Below, some lines carry pictures; leave those pictures out and retype exactly the lines from the one with "ASUS ROG Strix" through the one with "Rogaska Astounding Flowers Superior Vase".

(Beginning of Record set)

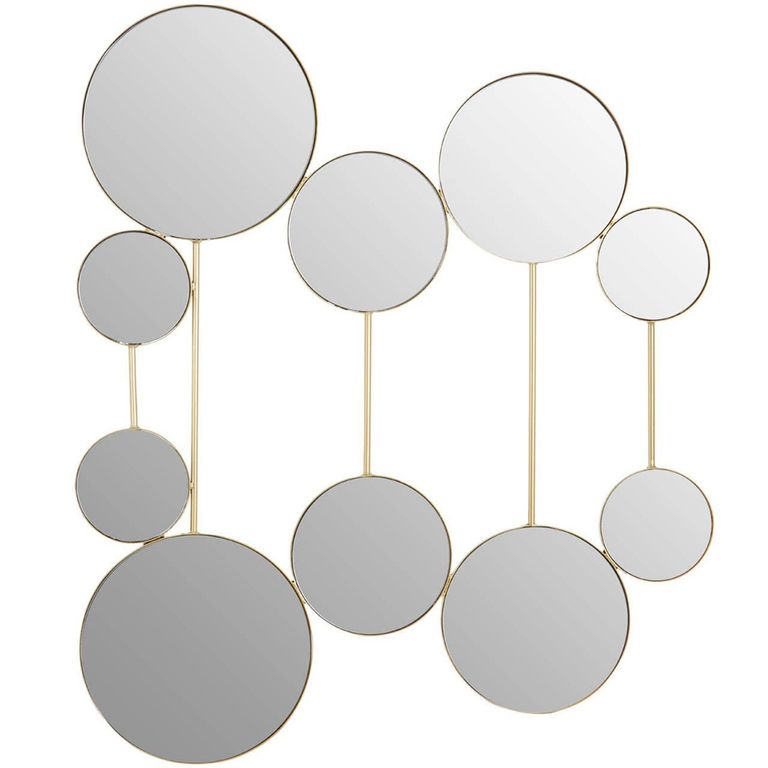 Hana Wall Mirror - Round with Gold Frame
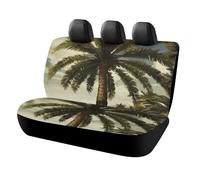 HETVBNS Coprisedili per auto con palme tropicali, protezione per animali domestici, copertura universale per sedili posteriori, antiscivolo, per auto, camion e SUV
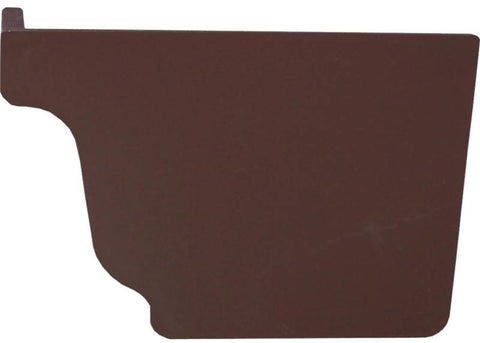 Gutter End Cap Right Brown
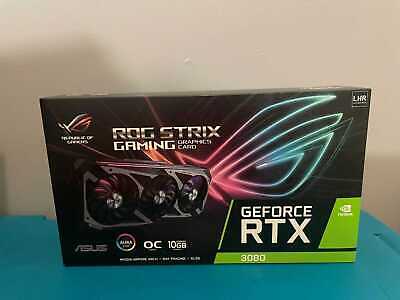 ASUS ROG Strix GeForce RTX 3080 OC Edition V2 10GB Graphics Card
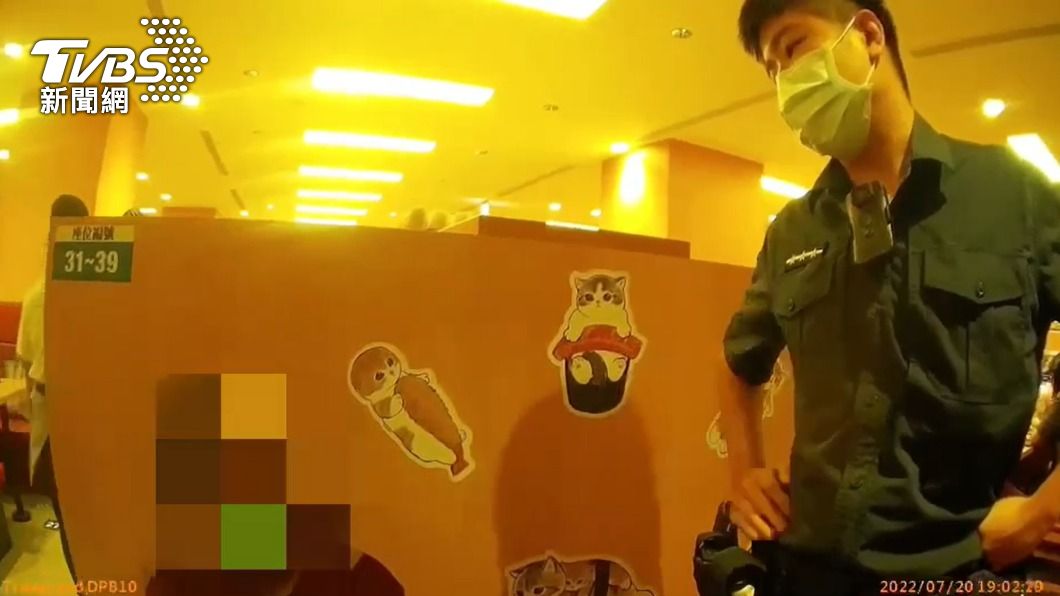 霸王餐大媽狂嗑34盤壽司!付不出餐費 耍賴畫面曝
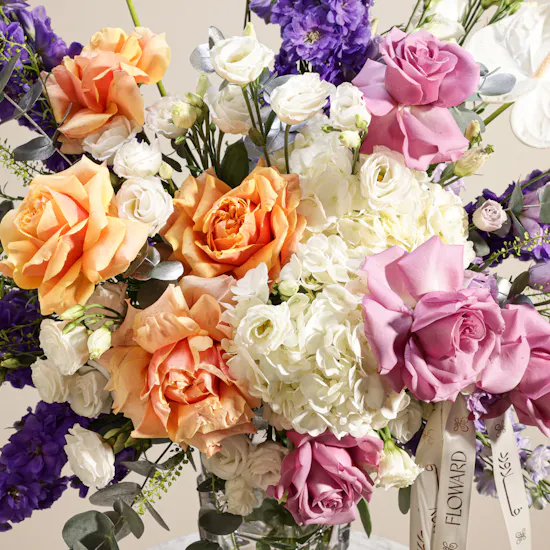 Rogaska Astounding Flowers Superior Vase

(End of Record set)
(Beginning of Record set)

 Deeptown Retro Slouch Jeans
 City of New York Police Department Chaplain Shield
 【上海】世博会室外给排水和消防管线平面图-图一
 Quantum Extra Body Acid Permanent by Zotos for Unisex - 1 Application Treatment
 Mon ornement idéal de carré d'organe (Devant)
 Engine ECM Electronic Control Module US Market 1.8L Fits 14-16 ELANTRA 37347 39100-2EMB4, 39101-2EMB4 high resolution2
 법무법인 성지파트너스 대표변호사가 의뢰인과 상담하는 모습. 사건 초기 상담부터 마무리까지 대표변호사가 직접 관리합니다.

(End of Record set)
(Beginning of Record set)

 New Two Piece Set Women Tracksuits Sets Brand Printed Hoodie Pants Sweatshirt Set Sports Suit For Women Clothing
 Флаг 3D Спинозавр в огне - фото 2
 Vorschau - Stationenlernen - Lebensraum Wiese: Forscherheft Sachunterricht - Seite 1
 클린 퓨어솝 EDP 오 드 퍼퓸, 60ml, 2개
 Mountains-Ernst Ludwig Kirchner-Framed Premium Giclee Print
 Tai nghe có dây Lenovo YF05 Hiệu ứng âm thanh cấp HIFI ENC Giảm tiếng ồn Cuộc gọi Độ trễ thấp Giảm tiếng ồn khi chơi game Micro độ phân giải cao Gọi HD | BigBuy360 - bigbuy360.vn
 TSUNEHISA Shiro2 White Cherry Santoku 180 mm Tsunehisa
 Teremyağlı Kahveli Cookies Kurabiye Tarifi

(End of Record set)

◆ Your response:
 ASUS ROG Strix GeForce RTX 3080 OC Edition V2 10GB Graphics Card
 霸王餐大媽狂嗑34盤壽司!付不出餐費 耍賴畫面曝
 Rogaska Astounding Flowers Superior Vase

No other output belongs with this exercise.